Herodes mismo se había interesado por
esta historia que traen los Magos. De aquel rey déspota, nada bueno podía esperarse
.Apegado patológicamente al trono, había matado a tres de sus hijos para
proteger su “tesoro”.
Los Magos vinieron a adorar a su
Hijo, al niño que ahora juega y en aquel momento acababa de nacer. Le trajeron
oro como si fuera rey, le trajeron incienso como si fuera Dios y mirra…
Nicodemo ungiría el cuerpo inerte de Jesús con esta sustancia, para prevenir
que no se corrompiera.
A continuación de aquello se
desencadenaron una serie de hechos. Recuerda aquella noche en la que José le
susurra al oído: “levántate, el niño corre peligro, nos vamos”. No hicieron
falta más palabras, estaban acostumbrados al misterio. Tardaron poco en
recoger, poco se tarda en recoger las pertenencias de un pobre. José guarda los
regalos de los Magos y ella entiende, luego vería a José ayudarse del oro para
poderse establecer como inmigrante en “tierra extraña”.
Aquel viaje por el desierto, en
algunas ocasiones veía el mar a lo lejos. Solo frecuentaban las poblaciones
para lo indispensable: comprar algo de comida, José era prudente. Rumores y más
rumores de atrocidades cometidas por Herodes, niños muertos en Belén.
La Virgen guarda todas estas cosas en
su corazón, llora por los niños y sobre todo por sus padres. Es el dolor
inconsolable del que pierde lo que más puede querer, el hijo que colmaba tantas
ilusiones. Siente que los niños de Belén han muerto “en lugar de…” su Hijo. Siente
el aliento fétido de la serpiente que les sigue, buscándolos para acabar con el niño.
Aquella “tierra extraña” tiene algo
de familiar, por allí ha peregrinado su pueblo en tiempos de José y Jacob y por
allí ha vuelto a peregrinar, esta vez en sentido contrario, en tiempos de
Moisés. La Madre como lectora de la Biblia, reconoce en aquellos pasajes la
historia de su pueblo.
Unos años viviendo en paz en Egipto,
el niño crecía como todos los niños. Otra noche José volvió a soñar, un ángel
le dijo que era el momento de volver. Vuelven a Galilea, José el “prudente”
prefiere esquivar Judea, se establecen en una aldea llamada Nazaret.

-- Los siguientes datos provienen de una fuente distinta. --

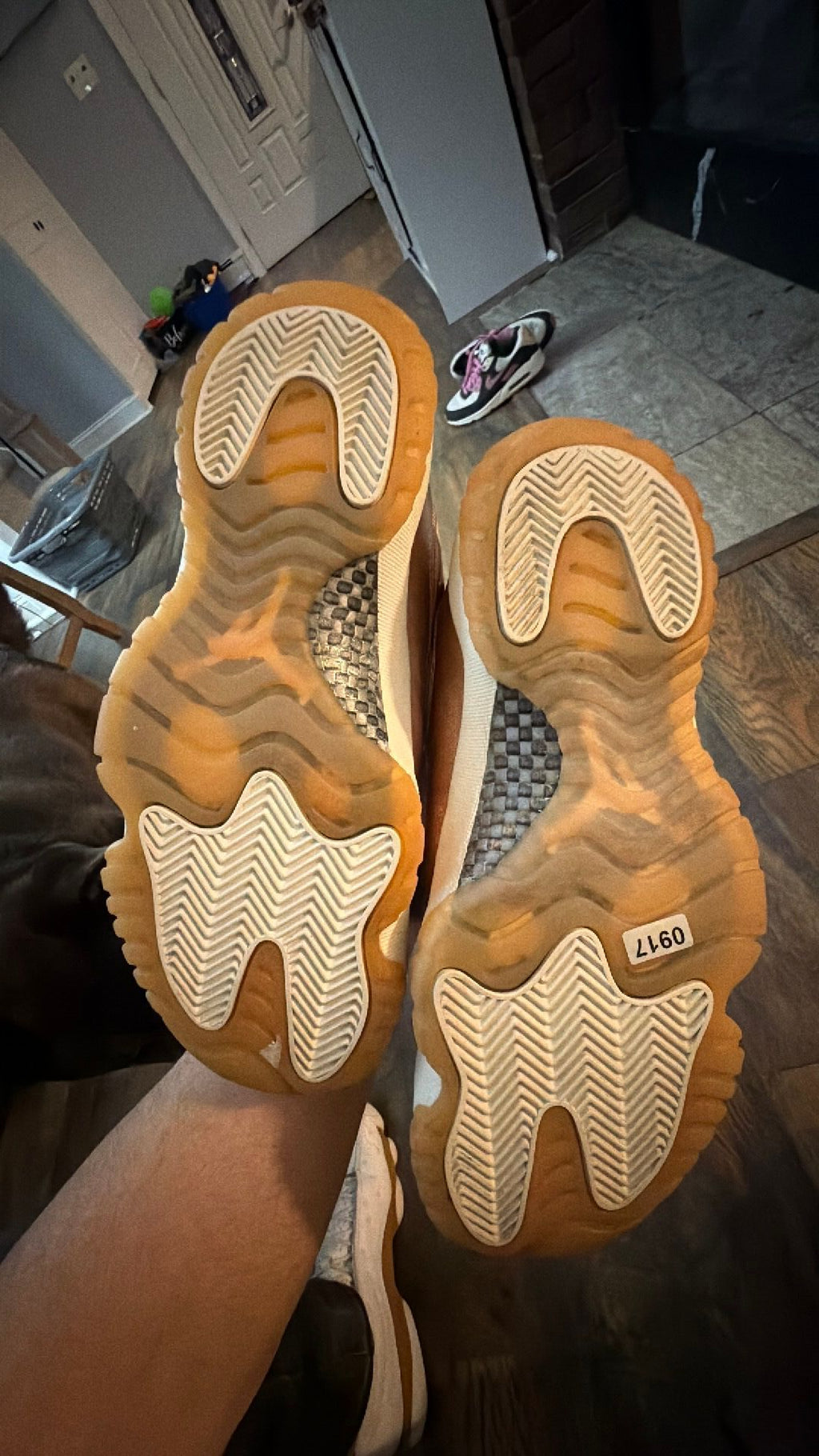 0917 jordan 11 retro low rose fold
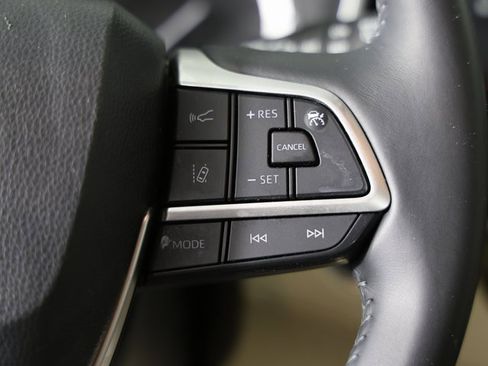 Used 2022 Toyota Highlander XLE image 16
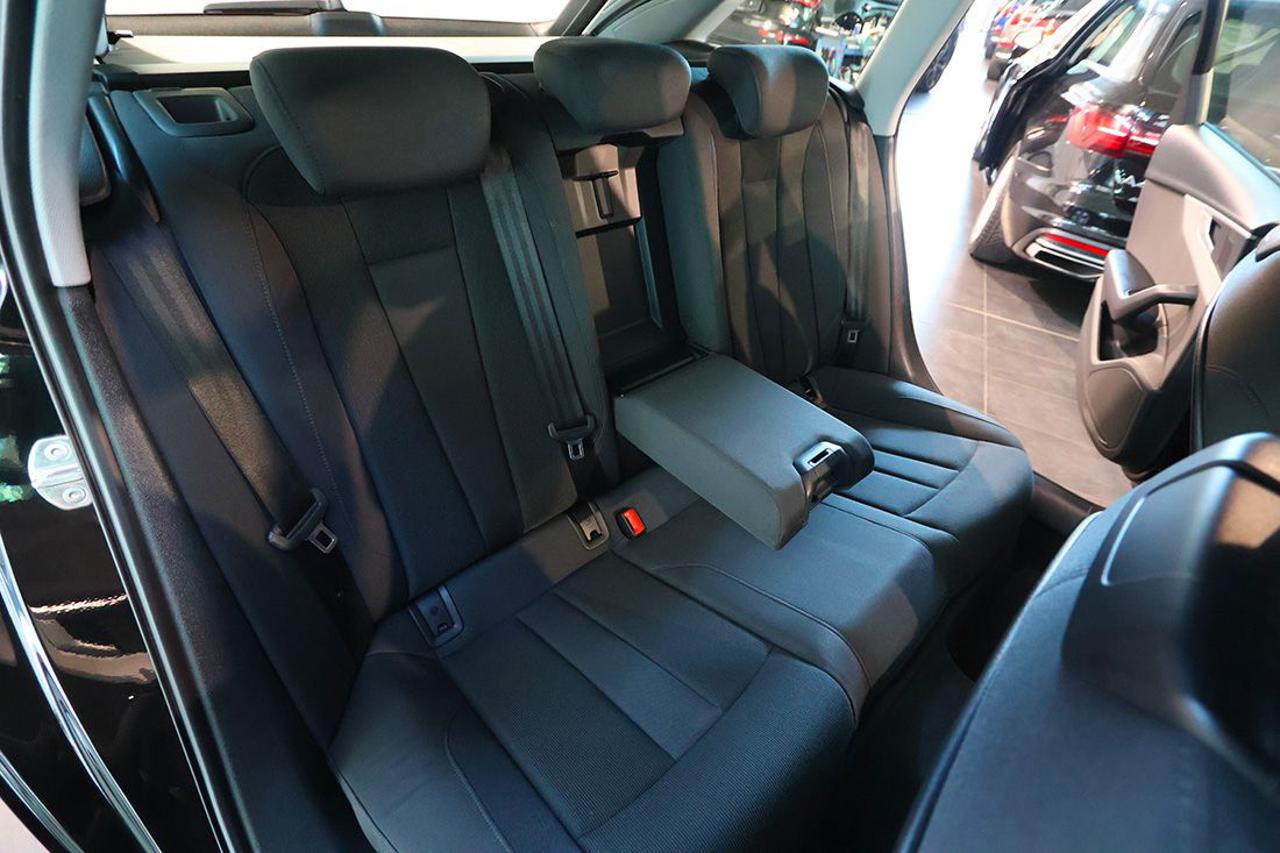 AUDI A4 35 TDI Avant S-Tronic S-Line - 19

Salimos del recuerdo para incorporarnos en la
vivencia del momento presente. Ella sentada en una pequeña silla, la Biblia abierta
y el niño jugando con el palito.
Leamos la primera lectura del
Eclesiástico desde el corazón de María. Ella está viendo al Niño-Dios cuando
lee: “El Señor honra más al
padre que a los hijos y afirma el derecho de la madre sobre ellos”. ¿Qué
sentimiento puede albergar un corazón humano, cuando todo un Dios se “anonada”
en obediencia hacía la criatura?.
Pidamos hoy a la Virgen la gracia de
la contemplación, que en el templo de nuestro momento presente nos encontremos
en adoración. No nos olvidemos de pedir también por el más necesitado.